"Gorizia and Nova Gorica belonged
to different political worlds, and even if they had only ten
inhabitants, for what they did, they would be symbolic enough."
"They must make people understand that the world can change even
for the good, not only for the bad." Romano Prodi is convinced
of this as he talks about Europe and enlargement in an interview
with Il Piccolo and Messaggero Veneto today, as the two Gorizias
prepare to become the European Capital of Culture in 2025.
With Ukraine, Gaza, and the Red Sea crises, "it is doubly
important" to spread this message, Prodi underlines, "because it
is against the tide. There is war, but there are also peoples
who have united instead of slaughtering each other. Today, it is
symbolically vital to show how the EU has created peace within
it. Then we go to the European elections. People will understand
that Europe has made this possible."
The former EU Commission president remarked that the Gorica
border was the first barbed-wire border he saw during his
university years "between 1959 and 1961." In 2004, Prodi
celebrated its fall when Slovenia joined the EU.

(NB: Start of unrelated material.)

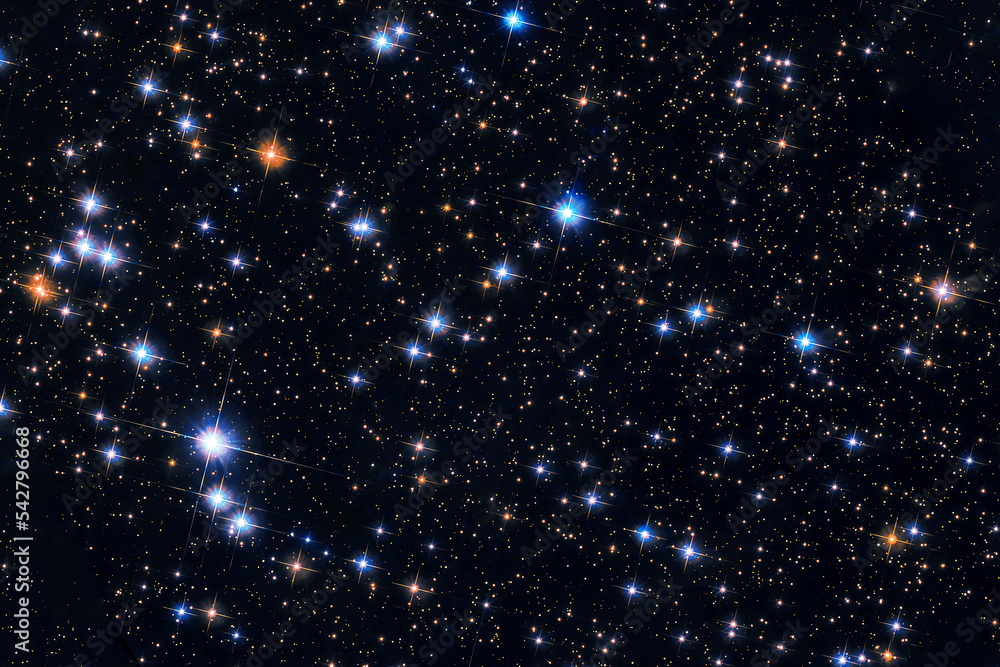 Fototapeta premium Distant stars in deep space. Elements of this image furnished by NASA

"I have always believed that the former Yugoslavia and
Albania were part of Europe," Prodi added, speaking of
enlargement, "we are very late because of the delays in
negotiations caused by France with Albania and Macedonia. It is
a process that must go on. There is no obstacle as these
countries do not have such a great economic weight to create
disturbances or problems. Certainly, they must be accompanied by
a change in European institutions, but this should have been
done with the 2004 enlargement," "instead it did not happen."